The Contract Agreement has been signed, a short while ago, at the Presidential Secretariat with Sinopec Fuel Oil Lanka (Pvt) Ltd and its parent company in China and Singapore for a long-term contract on the import, storage, distribution, and sale of petroleum products in Sri Lanka, the President’s Media Division (PMD) reported.
In March, the Cabinet of Ministers had granted approval to award licenses to China’s Sinopec, Australia’s United Petroleum and RM Parks of the USA, in collaboration with multinational oil and gas company – Shell plc, to enter the fuel retail market in Sri Lanka.
Thereby, they are be granted a license to operate for 20 years to import, store, distribute and sell petroleum products in Sri Lanka.
In June 2022, the Cabinet of Ministers had green-lighted the proposal to open up Sri Lanka’s fuel import and retail sales market to companies from oil-producing nations.
In October the same year, the Petroleum Products (Special Provisions) Bill, paving the way for new suppliers to enter as importers, distributors and retail operators for petroleum products, was approved by the Ministerial Consultative Committee on Power and Energy.

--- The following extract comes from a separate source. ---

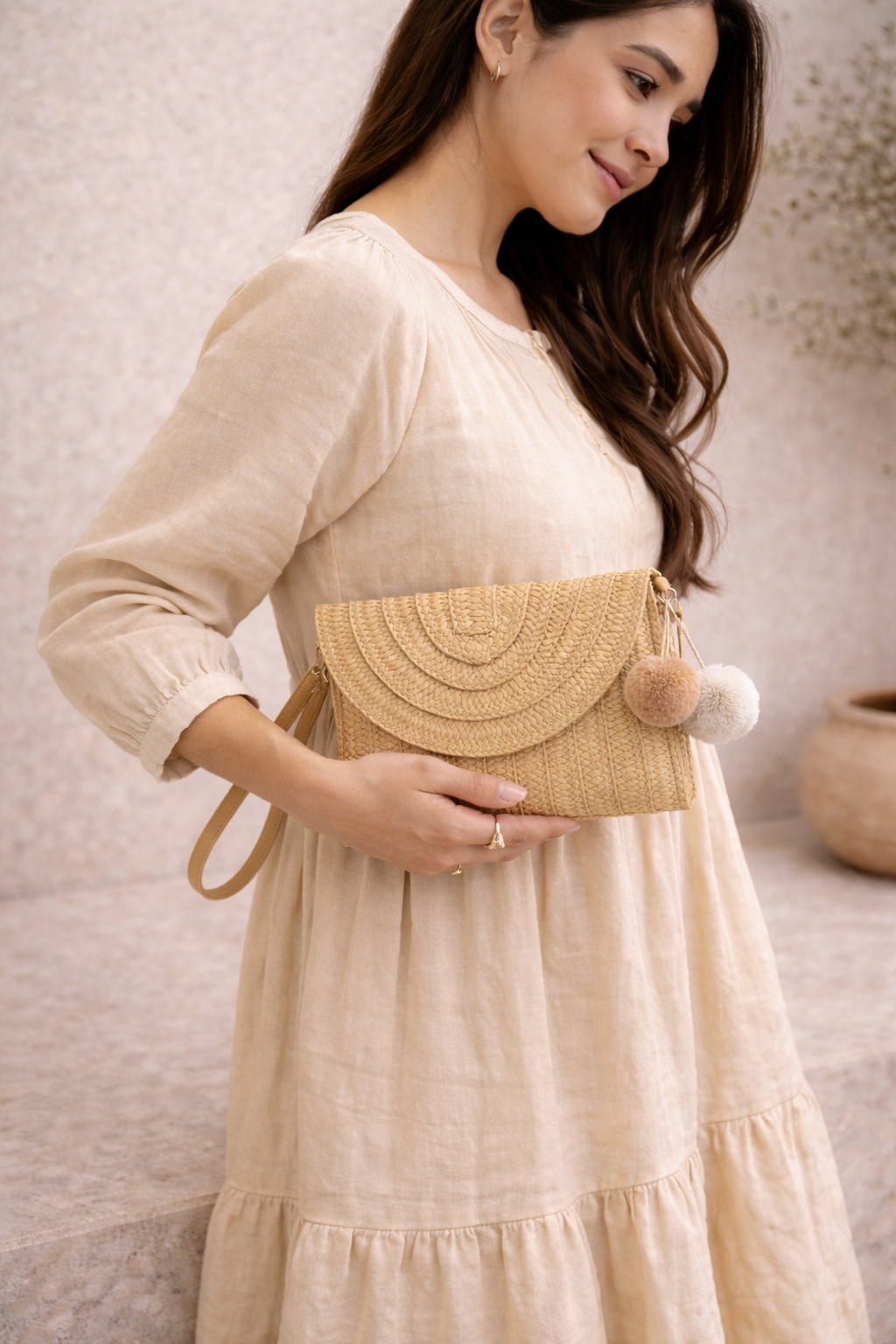 Amélie | Bolso Boho-Chic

Later on April 26, a team of officials from Sinopec visited Sri Lanka in order to finalise the agreements and commencement of operations for retail fuel sales, and accordingly, the timeline, conditions of the relevant agreement and other concerns were discussed between the team of officials and technical experts from the Chines energy giant and the Minister of Power and Energy, Kanchana Wijesekera.
It had been decided that the agreements would be signed in mid-May, and that operation would commence 45 days thereon.

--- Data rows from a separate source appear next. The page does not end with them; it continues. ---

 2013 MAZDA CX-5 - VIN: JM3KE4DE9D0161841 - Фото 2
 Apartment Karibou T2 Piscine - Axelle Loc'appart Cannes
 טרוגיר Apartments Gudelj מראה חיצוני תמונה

Also, the US-based oil company RM Parks Inc. and the British multinational oil and gas company Shell PLC had held discussions with Minister Wijesekera on commencing retail fuel sales in Sri Lanka in the first week of June this year.
Wijesekera, joining the political talk show “360°” on TV Derana earlier in April, revealed that each company will handle 150 CPC dealer-operated filling stations in the local market.
At present, a total of 1,142 filling stations are under the purview of the CPC, however, the corporation fully owns only 234 of them, the minister explained, adding that 450 out of the remaining 908 filling stations owned by private distributors would be allocated to the three foreign oil companies.